START Exercise inputs
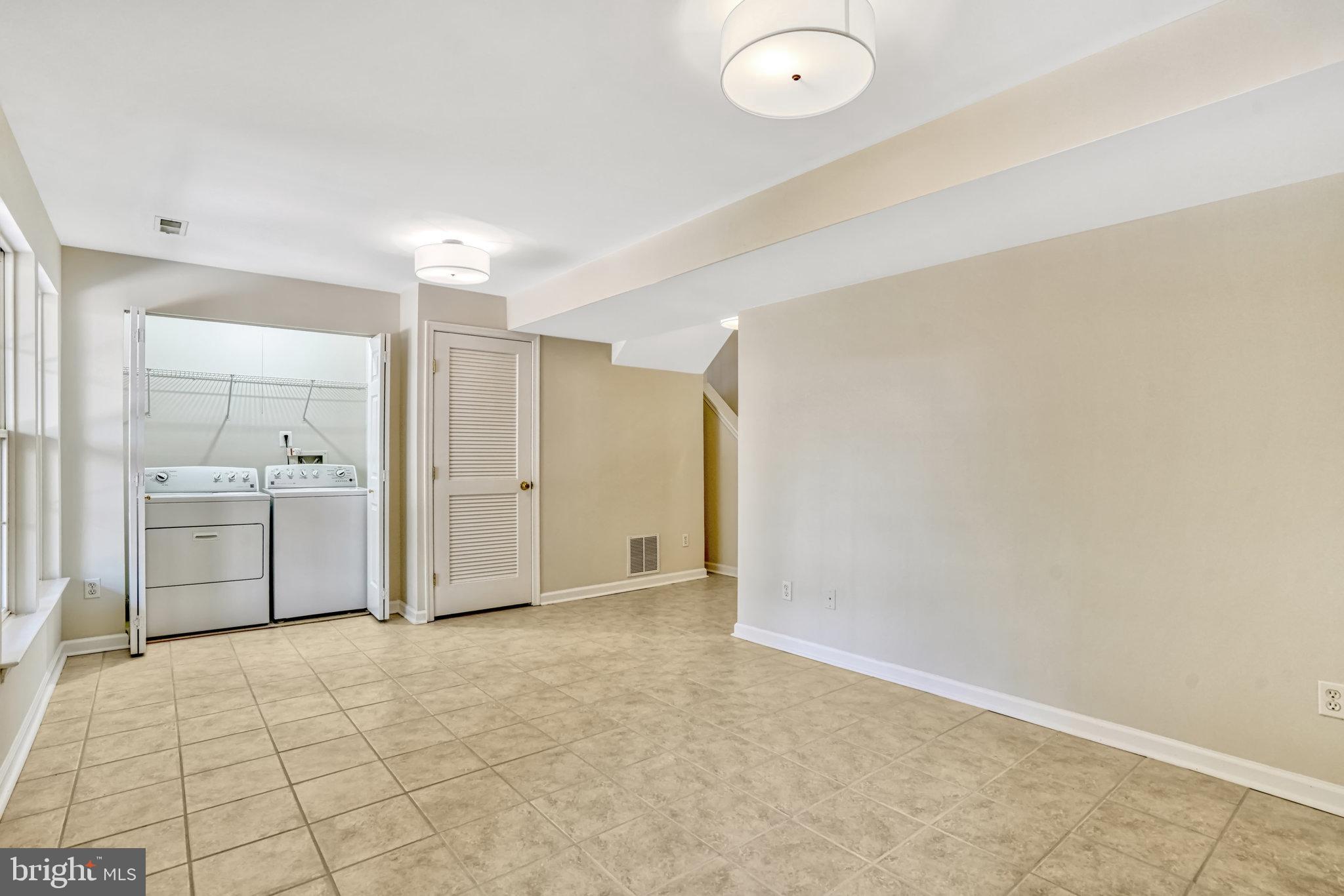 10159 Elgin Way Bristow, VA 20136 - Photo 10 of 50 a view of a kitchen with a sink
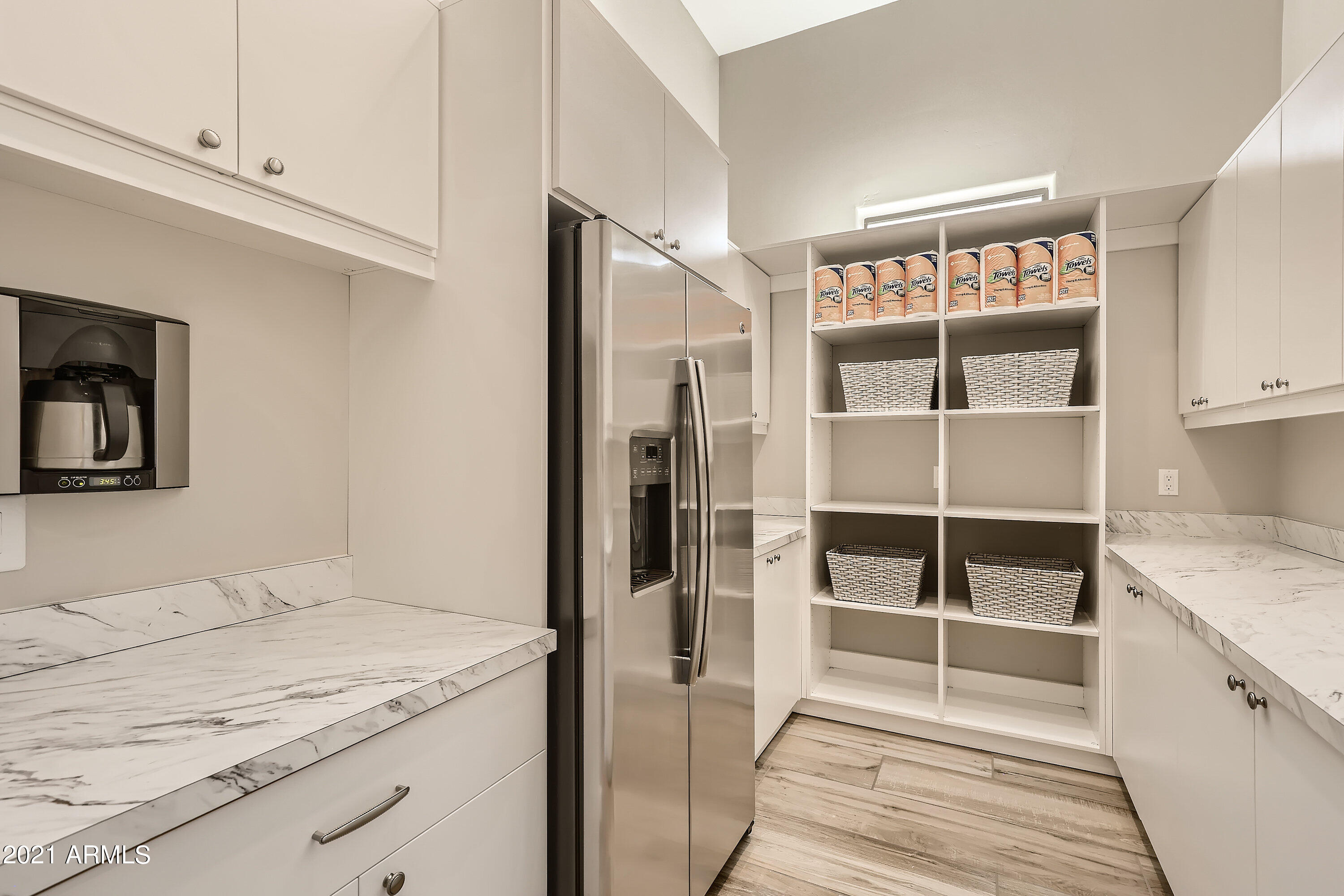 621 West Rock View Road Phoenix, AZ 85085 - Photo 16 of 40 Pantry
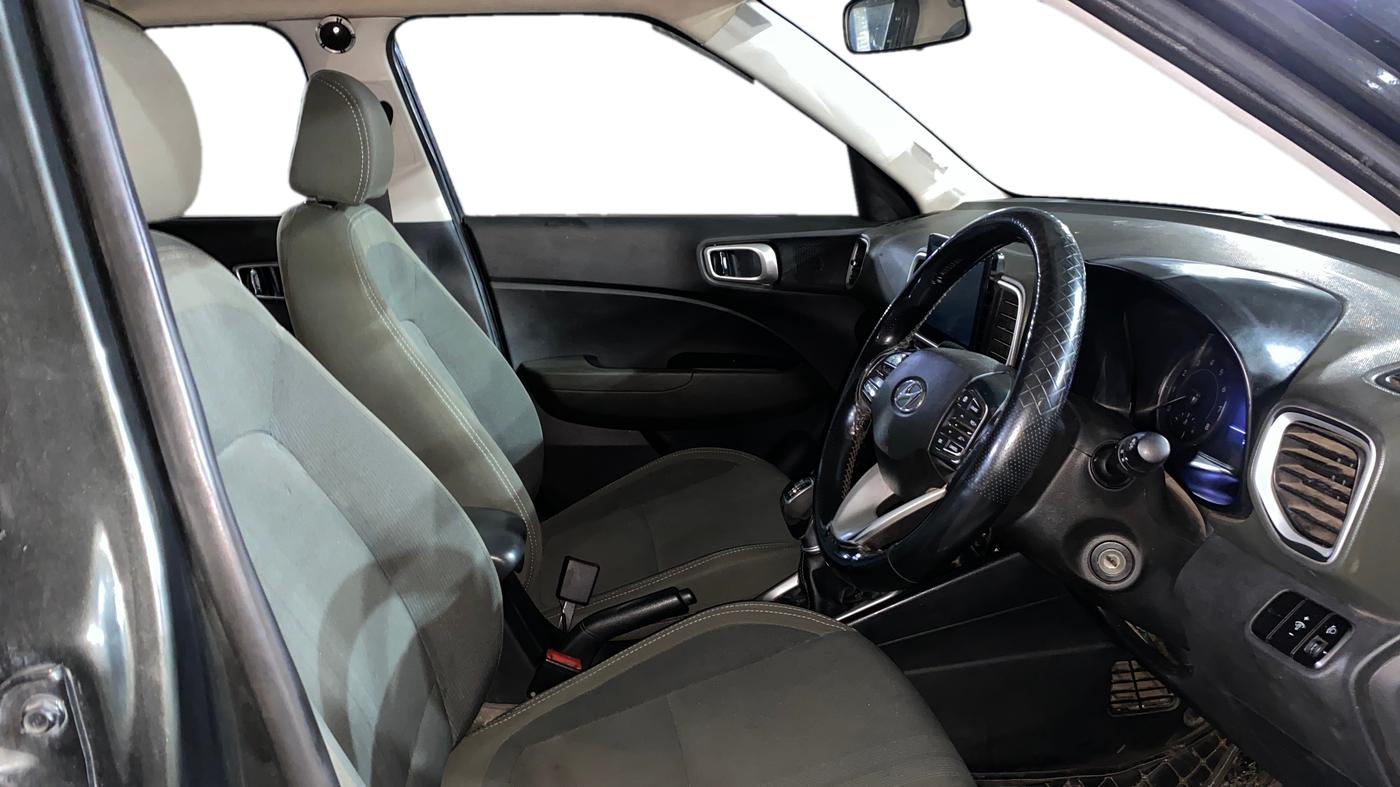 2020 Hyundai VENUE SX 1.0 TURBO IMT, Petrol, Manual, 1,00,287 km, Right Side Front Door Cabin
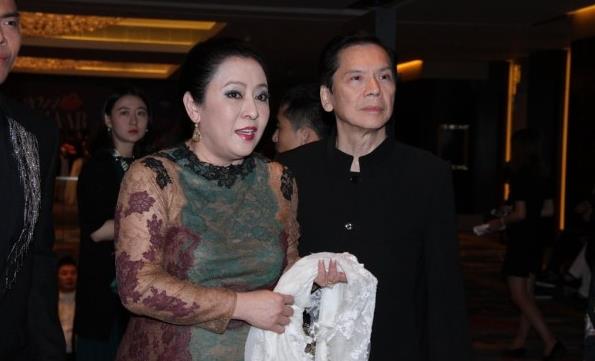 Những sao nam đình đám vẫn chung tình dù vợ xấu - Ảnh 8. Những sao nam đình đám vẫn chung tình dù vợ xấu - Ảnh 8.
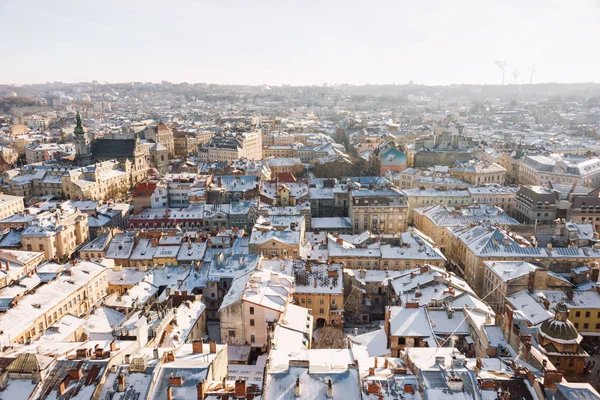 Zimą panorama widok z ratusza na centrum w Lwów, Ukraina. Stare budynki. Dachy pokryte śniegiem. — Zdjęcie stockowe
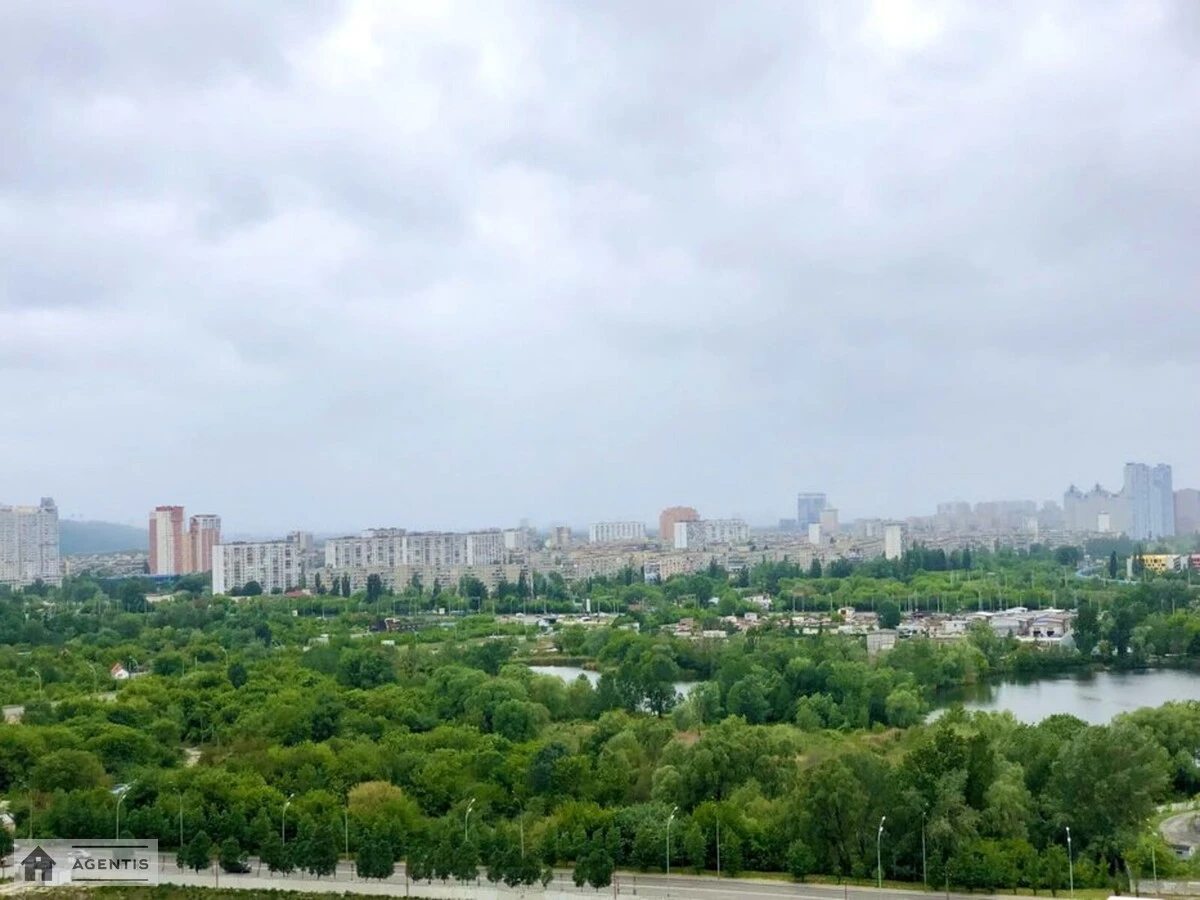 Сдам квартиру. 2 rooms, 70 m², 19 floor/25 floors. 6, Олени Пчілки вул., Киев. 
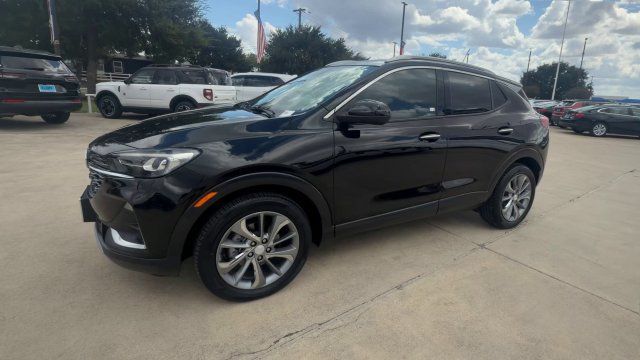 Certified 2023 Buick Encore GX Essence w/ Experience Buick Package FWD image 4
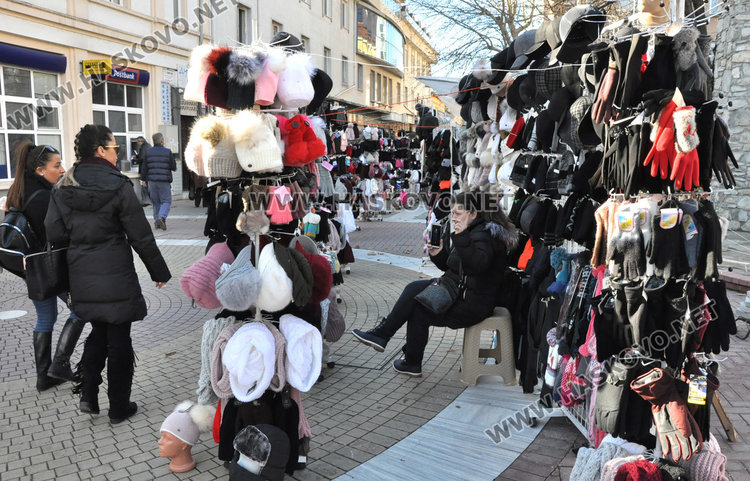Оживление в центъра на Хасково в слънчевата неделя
END Exercise inputs
Problem to work on
Take the line that contains "Сдам квартиру. 2" and every line after it to the end of the records above; quote them exactly, leaving out the pictures.

Answer for the task
 Сдам квартиру. 2 rooms, 70 m², 19 floor/25 floors. 6, Олени Пчілки вул., Киев. 
 Certified 2023 Buick Encore GX Essence w/ Experience Buick Package FWD image 4
Оживление в центъра на Хасково в слънчевата неделя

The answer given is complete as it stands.